Your goal ->
Only these lines of the data below are wanted: the one with "Food Location Logo", the one with "LINZINAR Plant Stand", and any lines between them, each repeated exactly.

Saved entries ->
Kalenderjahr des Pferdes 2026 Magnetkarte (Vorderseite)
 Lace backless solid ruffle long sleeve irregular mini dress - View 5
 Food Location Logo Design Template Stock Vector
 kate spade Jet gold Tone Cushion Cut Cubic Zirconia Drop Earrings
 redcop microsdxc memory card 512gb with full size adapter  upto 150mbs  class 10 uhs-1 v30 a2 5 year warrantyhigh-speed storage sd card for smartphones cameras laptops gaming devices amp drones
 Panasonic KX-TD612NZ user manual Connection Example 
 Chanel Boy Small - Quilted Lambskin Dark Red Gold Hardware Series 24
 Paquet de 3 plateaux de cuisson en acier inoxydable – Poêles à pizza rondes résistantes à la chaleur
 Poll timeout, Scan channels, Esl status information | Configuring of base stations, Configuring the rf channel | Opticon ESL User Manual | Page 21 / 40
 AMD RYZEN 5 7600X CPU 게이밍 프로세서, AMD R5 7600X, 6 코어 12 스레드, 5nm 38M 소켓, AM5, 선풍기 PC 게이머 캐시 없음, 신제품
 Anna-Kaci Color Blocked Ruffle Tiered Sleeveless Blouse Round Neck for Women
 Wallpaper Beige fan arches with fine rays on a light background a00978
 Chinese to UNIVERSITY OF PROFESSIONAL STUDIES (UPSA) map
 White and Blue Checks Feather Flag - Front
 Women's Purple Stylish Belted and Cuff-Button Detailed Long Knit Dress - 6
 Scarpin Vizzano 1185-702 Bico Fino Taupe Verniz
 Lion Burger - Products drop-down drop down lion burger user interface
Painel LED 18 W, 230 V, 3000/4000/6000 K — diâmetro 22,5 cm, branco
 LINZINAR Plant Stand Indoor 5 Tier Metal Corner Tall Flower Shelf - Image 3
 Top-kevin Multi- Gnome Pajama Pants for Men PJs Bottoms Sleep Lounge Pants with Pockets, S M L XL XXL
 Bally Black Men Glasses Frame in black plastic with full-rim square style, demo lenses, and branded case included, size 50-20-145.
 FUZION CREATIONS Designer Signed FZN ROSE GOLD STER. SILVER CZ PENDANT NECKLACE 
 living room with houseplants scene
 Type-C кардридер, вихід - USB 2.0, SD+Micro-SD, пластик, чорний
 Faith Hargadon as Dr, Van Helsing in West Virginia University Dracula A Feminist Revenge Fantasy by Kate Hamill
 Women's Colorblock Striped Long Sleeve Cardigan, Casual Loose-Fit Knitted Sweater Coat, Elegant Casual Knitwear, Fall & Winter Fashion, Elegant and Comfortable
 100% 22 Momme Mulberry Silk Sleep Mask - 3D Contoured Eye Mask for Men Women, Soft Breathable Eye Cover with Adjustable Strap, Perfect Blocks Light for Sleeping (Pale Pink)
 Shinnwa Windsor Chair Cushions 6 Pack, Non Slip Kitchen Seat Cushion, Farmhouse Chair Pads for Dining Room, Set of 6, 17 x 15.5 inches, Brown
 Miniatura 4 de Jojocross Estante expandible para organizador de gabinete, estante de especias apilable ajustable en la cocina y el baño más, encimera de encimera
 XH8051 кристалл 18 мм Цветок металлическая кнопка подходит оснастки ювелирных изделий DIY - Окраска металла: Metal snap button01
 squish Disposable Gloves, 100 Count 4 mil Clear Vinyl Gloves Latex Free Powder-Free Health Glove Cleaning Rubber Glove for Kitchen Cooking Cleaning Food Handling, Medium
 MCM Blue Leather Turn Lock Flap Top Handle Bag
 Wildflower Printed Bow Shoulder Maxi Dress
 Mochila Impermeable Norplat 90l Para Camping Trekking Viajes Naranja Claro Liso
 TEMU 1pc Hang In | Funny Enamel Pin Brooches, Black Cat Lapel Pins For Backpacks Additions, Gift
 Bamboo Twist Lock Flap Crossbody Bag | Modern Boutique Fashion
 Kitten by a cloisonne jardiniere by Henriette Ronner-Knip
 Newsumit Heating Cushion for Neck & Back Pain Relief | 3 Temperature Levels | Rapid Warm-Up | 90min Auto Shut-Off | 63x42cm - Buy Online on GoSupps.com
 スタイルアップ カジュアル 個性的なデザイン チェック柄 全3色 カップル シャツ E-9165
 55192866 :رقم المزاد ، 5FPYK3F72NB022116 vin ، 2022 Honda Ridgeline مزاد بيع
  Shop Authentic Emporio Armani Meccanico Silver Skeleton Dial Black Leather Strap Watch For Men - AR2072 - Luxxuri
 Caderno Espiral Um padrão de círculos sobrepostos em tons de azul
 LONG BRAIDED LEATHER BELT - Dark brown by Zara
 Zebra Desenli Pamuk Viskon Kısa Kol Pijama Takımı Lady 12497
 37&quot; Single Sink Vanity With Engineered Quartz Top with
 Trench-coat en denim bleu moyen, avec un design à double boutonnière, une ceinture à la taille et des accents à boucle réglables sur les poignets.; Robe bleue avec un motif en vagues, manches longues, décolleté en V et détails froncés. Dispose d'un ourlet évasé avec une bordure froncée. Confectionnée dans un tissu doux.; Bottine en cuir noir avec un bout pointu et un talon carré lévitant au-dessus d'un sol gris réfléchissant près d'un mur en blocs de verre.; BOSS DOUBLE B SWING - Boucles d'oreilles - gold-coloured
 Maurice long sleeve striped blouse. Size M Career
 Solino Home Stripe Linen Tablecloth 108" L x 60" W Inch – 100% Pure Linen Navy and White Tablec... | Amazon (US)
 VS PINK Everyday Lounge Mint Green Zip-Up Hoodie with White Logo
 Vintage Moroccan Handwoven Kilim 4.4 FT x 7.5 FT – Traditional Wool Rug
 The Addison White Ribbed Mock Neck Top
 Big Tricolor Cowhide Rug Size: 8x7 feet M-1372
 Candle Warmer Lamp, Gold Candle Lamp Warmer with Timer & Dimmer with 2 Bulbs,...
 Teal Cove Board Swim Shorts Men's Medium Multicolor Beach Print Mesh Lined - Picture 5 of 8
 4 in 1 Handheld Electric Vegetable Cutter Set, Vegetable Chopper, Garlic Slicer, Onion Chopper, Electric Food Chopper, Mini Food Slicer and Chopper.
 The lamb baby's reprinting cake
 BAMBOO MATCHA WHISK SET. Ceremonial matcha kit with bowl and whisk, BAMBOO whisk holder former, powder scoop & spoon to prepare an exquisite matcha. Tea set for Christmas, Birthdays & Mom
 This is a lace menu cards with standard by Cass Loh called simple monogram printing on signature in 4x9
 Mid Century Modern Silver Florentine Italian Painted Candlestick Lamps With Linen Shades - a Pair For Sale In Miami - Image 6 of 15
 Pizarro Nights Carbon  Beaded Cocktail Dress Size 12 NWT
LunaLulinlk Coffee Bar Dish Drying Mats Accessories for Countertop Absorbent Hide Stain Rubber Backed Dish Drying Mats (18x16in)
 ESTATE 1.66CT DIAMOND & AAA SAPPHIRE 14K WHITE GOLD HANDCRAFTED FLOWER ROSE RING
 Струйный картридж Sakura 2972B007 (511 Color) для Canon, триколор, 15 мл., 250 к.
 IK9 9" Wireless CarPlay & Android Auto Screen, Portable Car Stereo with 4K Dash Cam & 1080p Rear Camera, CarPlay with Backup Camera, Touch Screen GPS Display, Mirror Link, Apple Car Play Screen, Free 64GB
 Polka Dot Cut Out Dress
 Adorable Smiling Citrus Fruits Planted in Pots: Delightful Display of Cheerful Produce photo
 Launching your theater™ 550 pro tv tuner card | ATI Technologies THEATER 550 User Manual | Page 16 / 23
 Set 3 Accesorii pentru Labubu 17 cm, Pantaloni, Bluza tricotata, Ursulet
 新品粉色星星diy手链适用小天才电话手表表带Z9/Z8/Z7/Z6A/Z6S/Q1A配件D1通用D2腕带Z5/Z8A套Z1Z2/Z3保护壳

Task solution ->
 Food Location Logo Design Template Stock Vector
 kate spade Jet gold Tone Cushion Cut Cubic Zirconia Drop Earrings
 redcop microsdxc memory card 512gb with full size adapter  upto 150mbs  class 10 uhs-1 v30 a2 5 year warrantyhigh-speed storage sd card for smartphones cameras laptops gaming devices amp drones
 Panasonic KX-TD612NZ user manual Connection Example 
 Chanel Boy Small - Quilted Lambskin Dark Red Gold Hardware Series 24
 Paquet de 3 plateaux de cuisson en acier inoxydable – Poêles à pizza rondes résistantes à la chaleur
 Poll timeout, Scan channels, Esl status information | Configuring of base stations, Configuring the rf channel | Opticon ESL User Manual | Page 21 / 40
 AMD RYZEN 5 7600X CPU 게이밍 프로세서, AMD R5 7600X, 6 코어 12 스레드, 5nm 38M 소켓, AM5, 선풍기 PC 게이머 캐시 없음, 신제품
 Anna-Kaci Color Blocked Ruffle Tiered Sleeveless Blouse Round Neck for Women
 Wallpaper Beige fan arches with fine rays on a light background a00978
 Chinese to UNIVERSITY OF PROFESSIONAL STUDIES (UPSA) map
 White and Blue Checks Feather Flag - Front
 Women's Purple Stylish Belted and Cuff-Button Detailed Long Knit Dress - 6
 Scarpin Vizzano 1185-702 Bico Fino Taupe Verniz
 Lion Burger - Products drop-down drop down lion burger user interface
Painel LED 18 W, 230 V, 3000/4000/6000 K — diâmetro 22,5 cm, branco
 LINZINAR Plant Stand Indoor 5 Tier Metal Corner Tall Flower Shelf - Image 3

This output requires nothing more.